Most people generally understand the idea of Israel as a ‘promised land.’ Whether you agree with it or not, the Hebrew tradition dictates that a vast tract of land was given to Abraham by God and that when the Israelites settled and created a kingdom upon part of this land, it was a fulfillment of the promise. Thus, Israel derives its supposed legitimacy from God and this historical kingdom. Now, what does this have to do with Shashamane, a town in Ethiopia which doesn’t exactly have many Jewish people in it? Well, this is not the only promised land, and Judaism isn’t the only religion to have this concept.

Shashamane’s Origin: Rastafarianism

So, Rastafarianism. The word probably conjures images of Bob Marley, dreadlocks and a white dickhead imitating Jamaican patois and pretending to smoke a doobie. It’s a religion so thoroughly linked in with music, fashion and drug culture that many people don’t even realise it is a religion. Truth be told, it’s a rather recent one, having only come about in the 1930s and being mainly concentrated on the island of Jamaica.

Rastafarianism is an Abrahamic belief for the most part, with some very specific regional interpretation, the bulk of which we won’t go into just now. Key to understanding Rastafarianism is the concept of ‘Jah.’ You almost certainly know the word whether you realise it or not. ‘Hallelujah’ is a common celebratory phrase in the western world, especially in Abrahamic faiths. The term is a transliteration of a Hebrew phrase meaning ‘praise God,’ with ‘Jah’ being the shortened form of Jahweh, meaning God. The shortening makes a lot more sense in the native tongue.

But anyway, Jah means God, sure, real insightful, right? God is important to an Abrahamic religion, who’da thought. Here’s the thing though, Rastafarians see this in a different way to other Abrahamic faiths. ‘Jah’ is thought to reside within all people as a small piece, not itself that uncommon in some circles. Jesus of course is believed to have been the physical representation of Jah as a whole manifested on Earth, the summation of the Godliness within every person and thus both God and man… Alright, still not too odd. What else sets it apart? Well, Rastafarianism believes that a second man encompasses Jah, thereby essentially being the second coming of Christ. Who could that be?

Emperor Haile Selassie I

You see, it does get a little odd. At least by our standards, that is, after all, every ancient prophet was at one point modern! Imagine the Christians of the first century, wondering if their parents or grandparents may have seen the man himself at the sermon on the mount! Anyway, Haile Selassie I was the emperor of Ethiopia between 1930 and 1974, his pre-imperial name Ras forming the root of Rastafarianism as a word. It seems… Random. But there’s always a reason for things like this, so what is it?
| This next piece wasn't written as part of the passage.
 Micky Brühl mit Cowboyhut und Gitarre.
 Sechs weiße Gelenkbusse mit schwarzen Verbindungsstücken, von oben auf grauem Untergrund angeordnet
The roots of this initial conception may come from Marcus Garvey, a Jamaican black nationalist and pan-Africanist who allegedly stated to his followers, “Look to Africa for the crowning of a Black King; he shall be the Redeemer” which came not long before the coronation of Haile Selassie. His full title upon coronation was “Conquering Lion of the Tribe of Judah and King of Kings of Ethiopia and Elect of God,” which certainly must have played into the idea. Hell, Psalms 68:31 states, “…Ethiopia shall stretch forth her hands unto God,” But by far the most telling factor is the supposed origin of the Ethiopian royal family.

You see, tradition claims that Haile Selassie and his family are descended from Solomon and Sheba. This being Solomon, the King of Israel nearly 3000 years ago, following on from his father David, of Goliath-killing fame. Sheba, meanwhile, is a figure mentioned in the Hebrew Bible as an African queen who bestowed a caravan of gifts upon Solomon. She is alleged to have been Ethiopian and, more importantly, is said to have had children with Solomon giving credit to the idea of an African king being descended from the rulers of ancient Israel. Hence the many references to Zion in Rastafari inspired music. To them, Selassie has a genuine claim to the throne of Israel and being closely in communion with God.

By now, I’m sure you’re fed up, though. The fuck does this have to do with Shashamane? Y’know, the entire point of this whole article. Well, the weird thing about being considered a literal God in your own lifetime and having the political authority to make big decisions is you can actually answer the prayers of your flock. That’s exactly what Haile Selassie did.

Founding of Shashamane

In 1935, Ethiopia was invaded by Italy in another brutal attempt to subjugate Africa to western colonialism. The Ethiopians fought bravely but required help, sending out a call which resulted in the founding of the Ethiopian World Federation in 1937. This movement sought to consolidate beliefs in an African identity among the diaspora, particularly in America, but perhaps not coincidentally, the first branch of the movement outside of the US was in Kingston, Jamaica. For aid they provided to Ethiopia in its time of need, they were rewarded by Emperor Selassie in 1948. 200 hectares of land was given to the African diaspora as a whole, allowing those that wished to pack their bags and head to Ethiopia with land set aside for them to set up a community.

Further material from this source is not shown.